Жесткая критика в адрес республиканской администрации поступала со стороны демократической партии. «В сложившихся условиях нам недостаточно взывать к Багдадскому пакту и доктрине Эйзенхауэра. Нам нужно выработать принципиально новый подход, выходящий за границы языка “холодной войны”. Только так мы сможем привлечь неприсоединившиеся страны, наладить эффективное сотрудничество и избавить арабский мир от антиамериканских страхов»
[467], – подчеркнул молодой сенатор Дж. Кеннеди.
Через неделю посол США в Ираке У. Галлман в беседе с представителем иракского Министерства иностранных дел Джумаром на вопрос о перспективах сотрудничества Ирака и стран Багдадского пакта услышал весьма жесткий по форме и крайне неприятный по сути ответ о том, что «пакт был заключен от имени Ирака по поручению небольшой кучки людей. Пакт никогда не имел широкой поддержки в народе и не получил одобрения народа»
[468].
Осознание необратимости политических изменений в Ираке диктовало тактику действий американской стороны. Уже 30 июля во внутренней переписке Белого дома и Государственного департамента фигурировала информация о том, что руководством страны было принято политическое решение о признании нового правительства в Ираке
[469].
2 августа 1958 г. США и Британия признали новое иракское правительство А. К. Касема, а король Иордании Хусейн официально отказался от претензий на главенство в Арабской Федерации, которая перестала существовать
[470]. С этого момента Вашингтон начинает проведение регионального внешнеполитического курса в качественно новых условиях. Де-факто прекращают свое существование и организация Багдадского пакта, на которую опирались геополитические построения Великобритании и США.
После лета 1958 г. США встали перед проблемой поиска нового политического модуса в регионе, а также нового идеологического подхода к диалогу с ближневосточными элитами. 23 декабря 1958 г. ЦРУ представляет на рассмотрение важный с точки зрения выработки внешнеполитического курса США секретный доклад «Основные характеристики и тенденции в политике СССР, 1958–1963 гг.». В нем аналитики Центрального разведывательного управления говорили о новом «дипломатическом стиле» Москвы: «За вторую половину 1950-х гг. СССР выработал гораздо более гибкий механизм реагирования на новые явления международной жизни. Сегодня для СССР на карте мира нет “темных зон”. В этом смысле после 1955 г. (начало поставок вооружений членами ОВД в регион) Ближний Восток стал для Советского Союза зоной “особого внимания”

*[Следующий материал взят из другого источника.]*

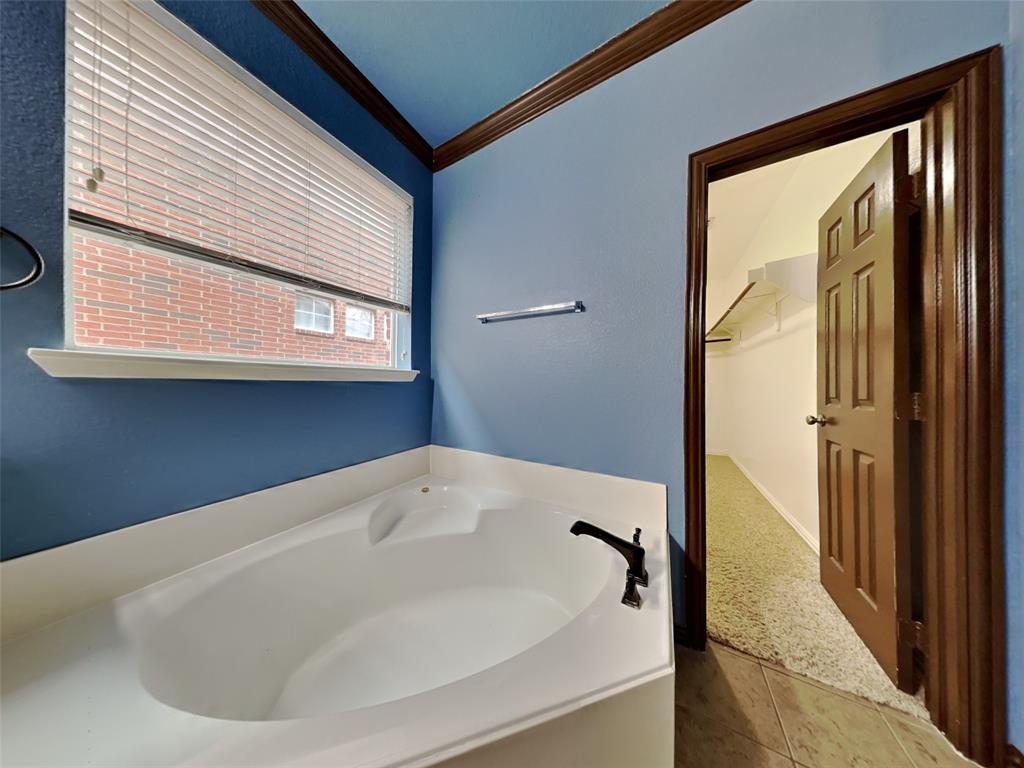 6509 Taprock Drive Property Photo 12
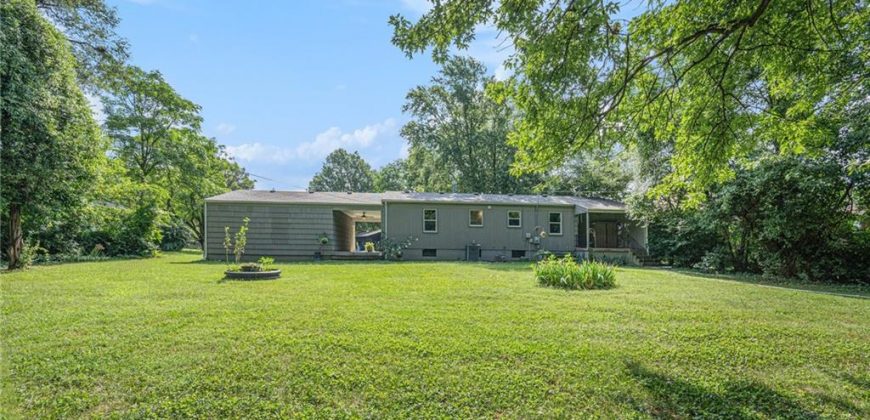 Homes for Sale in Liberty, MO 64068 | 828 W Brown Street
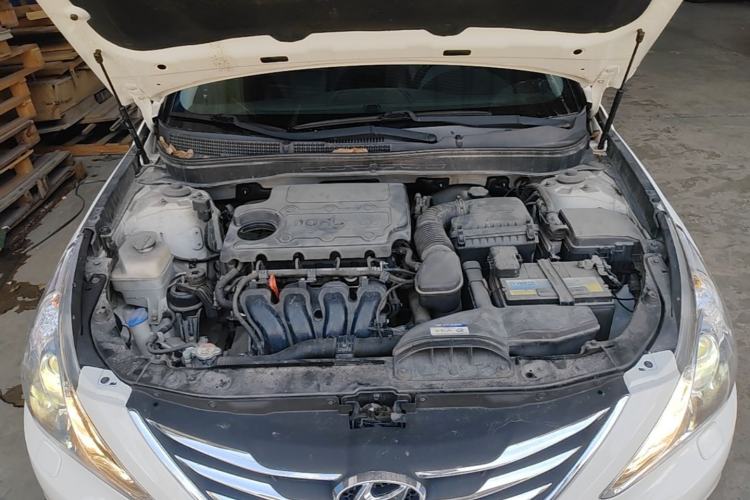 Used Hyundai Sonata 2014 2.4L Automatic Luxury Version China V Standard Engine Bay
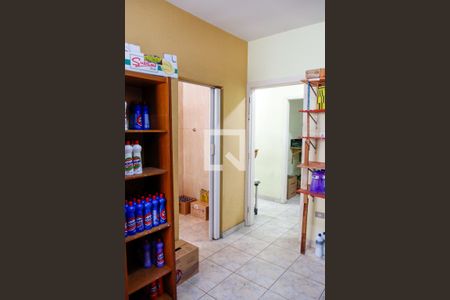 Casa à venda com 334m², 4 quartos e 4 vagas Casa à venda com 334m², 4 quartos e 4 vagasQuarto 2 - Suíte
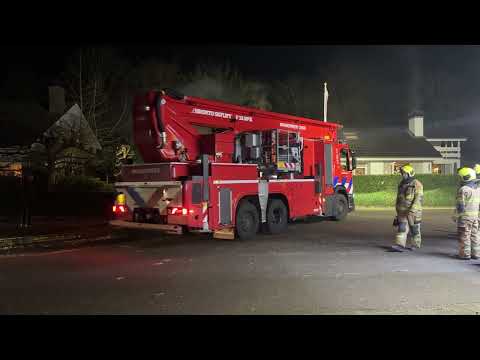 Brandweer rukt uit voor schoorsteenbrand Jan Hondongpark in Grave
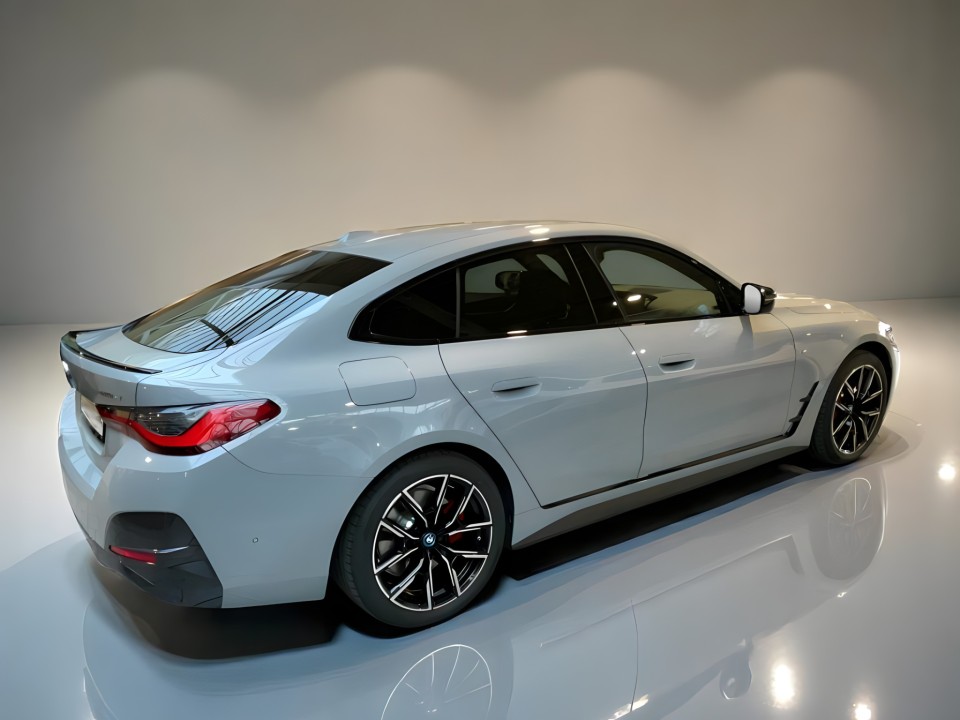 BMW i4 eDrive40 - foto 6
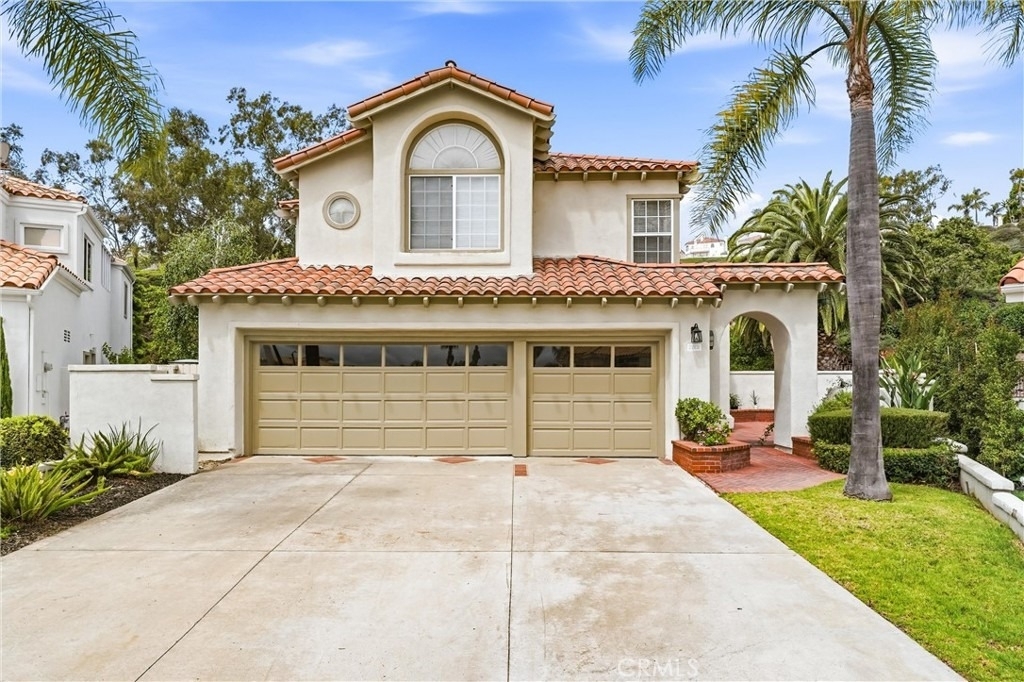 23302 Vista Carillo - Photo 0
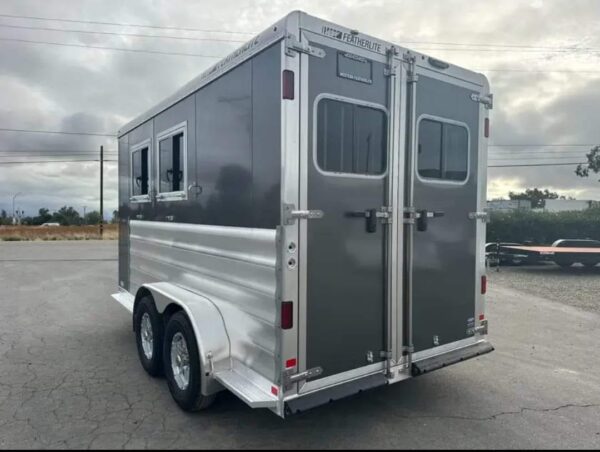 2012 Featherlite 9400 2 Horse Trailer - Image 3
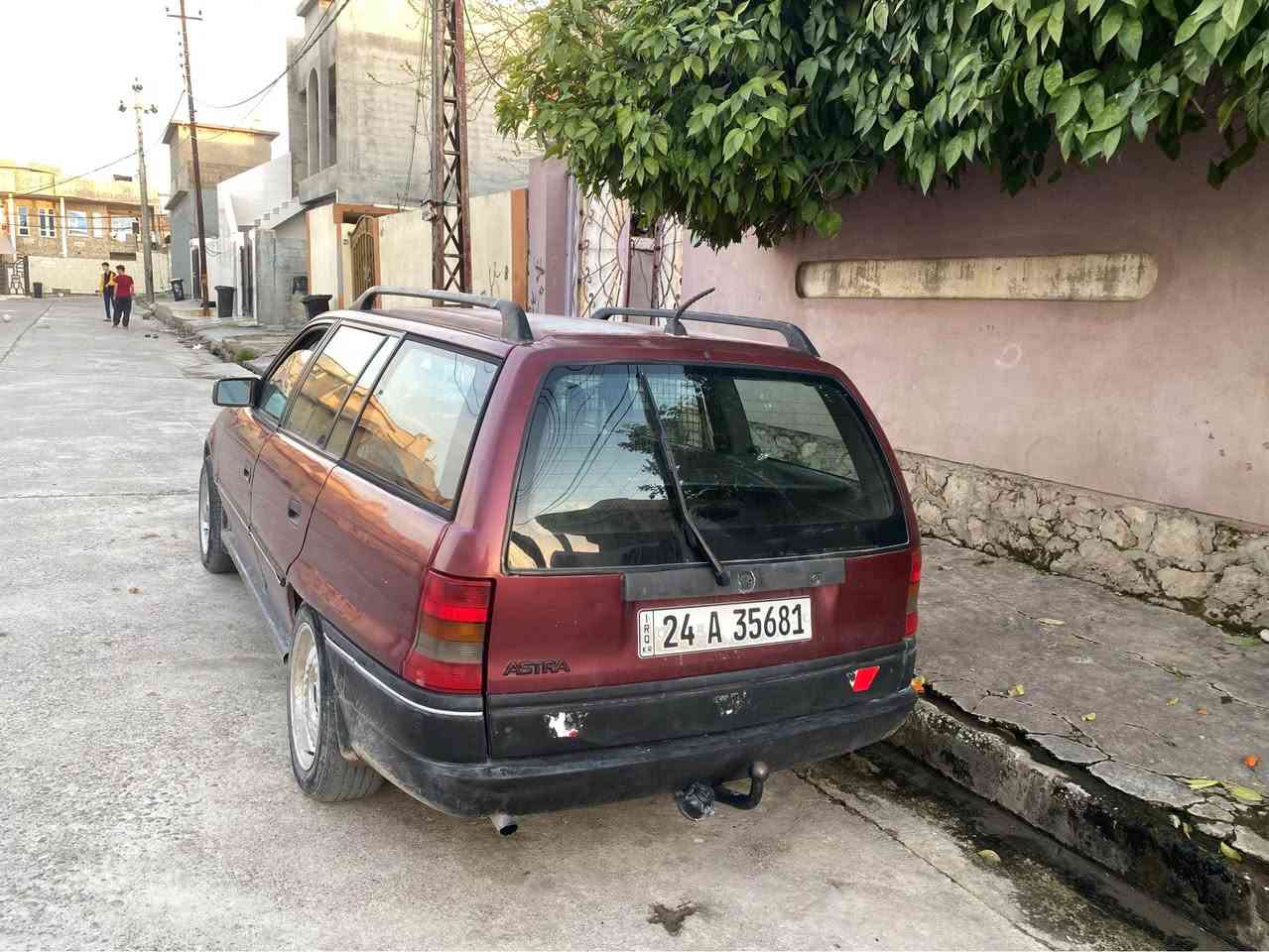 سلام عليكم استرا موديل 1993 بدون صربه وبدون صبغ محرك 18 شرط التحويل السعر 44 ومجال *********** موصل, نينوى
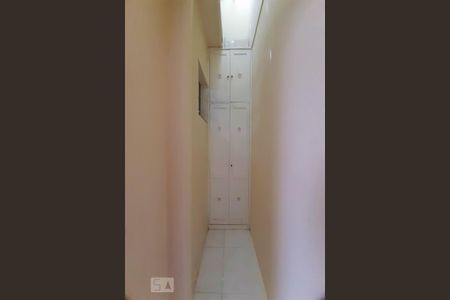 Apartamento à venda com 70m², 2 quartos e sem vaga Apartamento à venda com 70m², 2 quartos e sem vagaDespensa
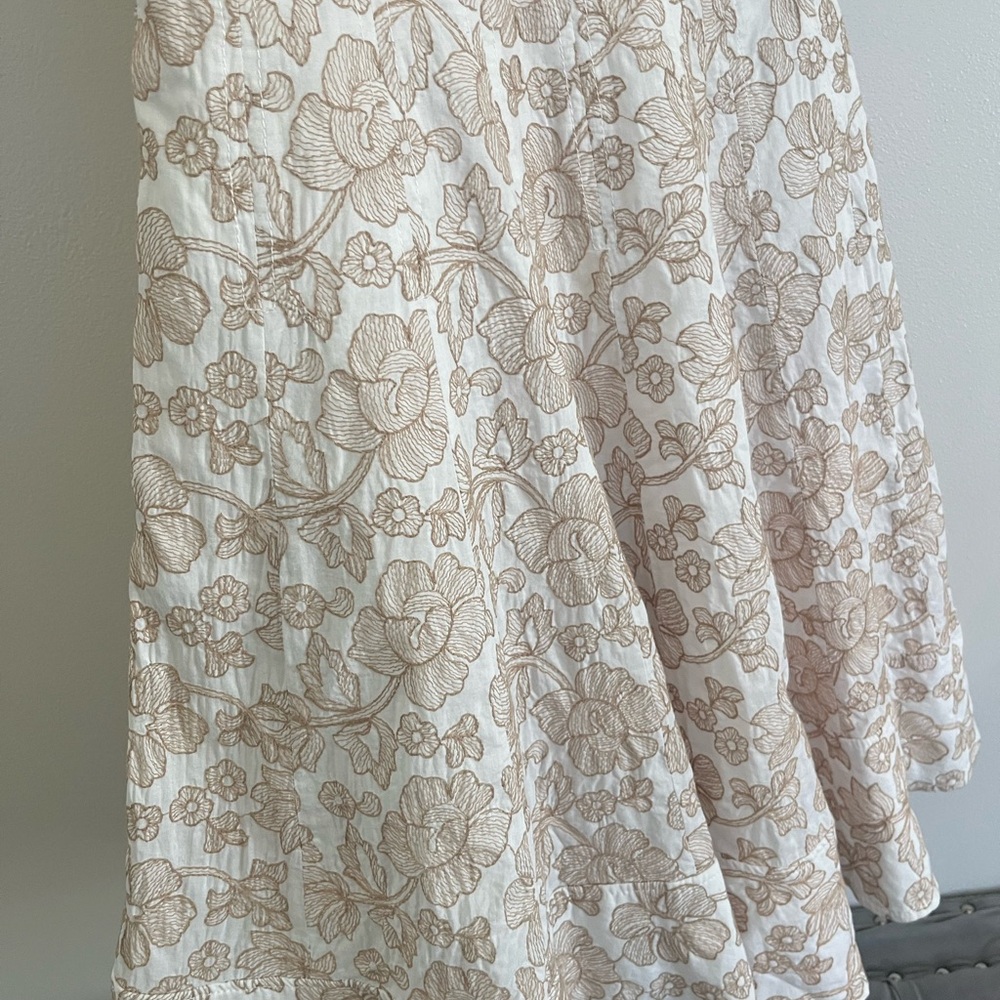 Anne Klein minimalist embroidered Floral Mini Dress White and Tan size 2 - Picture 6 of 7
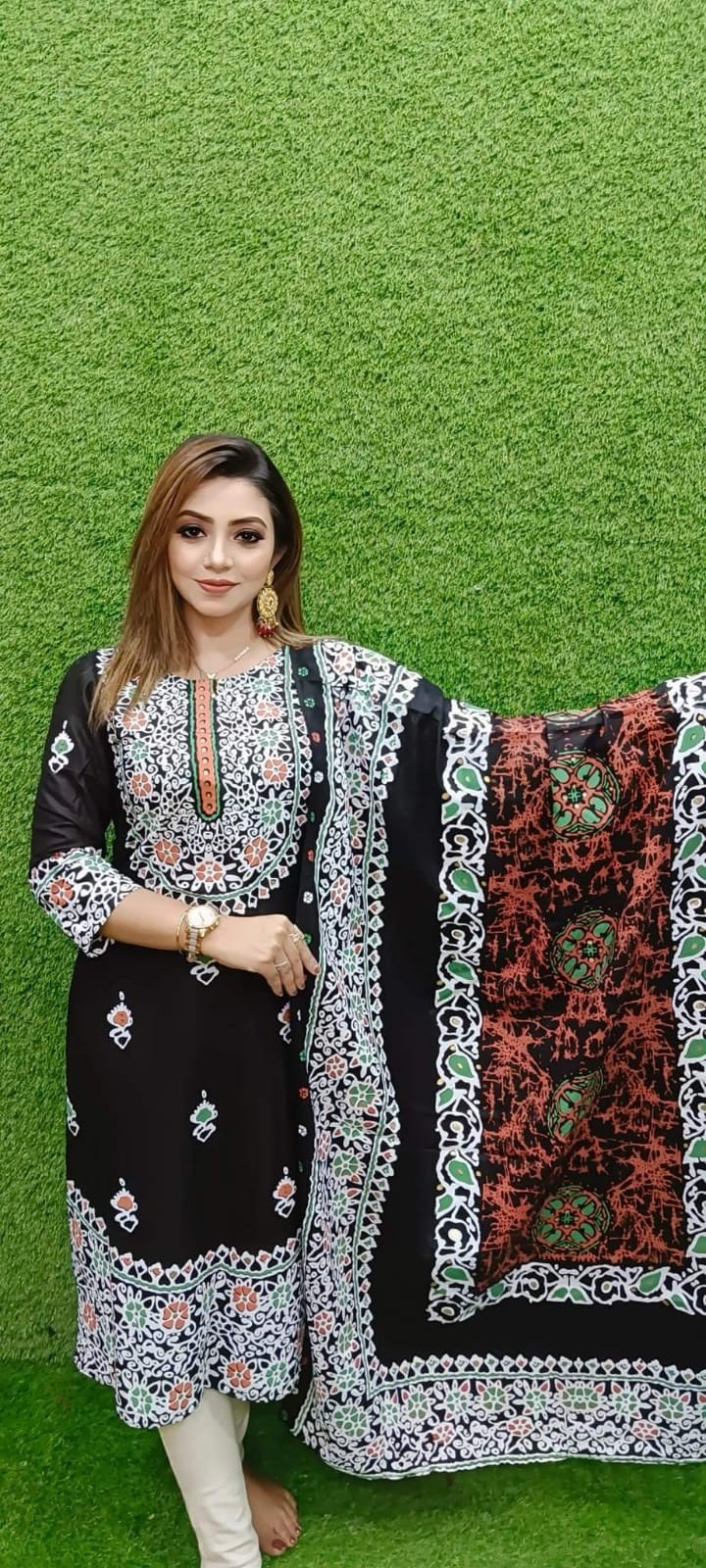 আকর্ষণীয় ডিজাইনে আনস্টিচড কটন থ্রি পিস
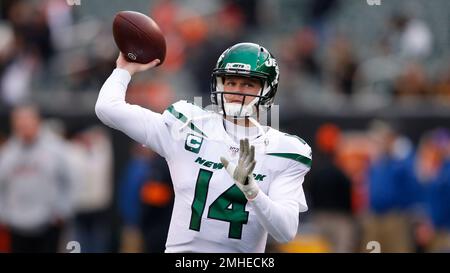 New York, New York, USA. 4th Apr, 2019. New York Jets quarterback Sam  Darnold (14) and wide receiver Quincy Enunwa (81) unveil their new uniforms  in Gotham Green colors Thursday, April. 4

[471]. Именно в этом регионе Москве предоставлялся шанс реализовать один из своих внешнеполитических приоритетов – укрепление линии разрыва в некоммунистическом мире, конечной целью которого должна была стать дискредитация США и стран Запада в глазах «третьего мира».
Наряду с безусловным укреплением военной мощи, подчеркивалось в докладе, СССР намерен и впредь делать акцент на идеологической сфере международных отношений. Расчет на поддержку формально некоммунистических, но антизападных националистических режимов в период 1955–1958 гг. в борьбе с Западом показал свою безусловную эффективность
[472]. По данным ЦРУ, с января 1954 по июнь 1958 г. Москва выдала странам региона в качестве кредитов 1,2 млрд долл. (Сирии, Египту, Йемену), что по сравнению с 2 млрд долл. для стран Варшавского блока за этот же период представляется очень серьезным финансовым инструментом в действиях СССР.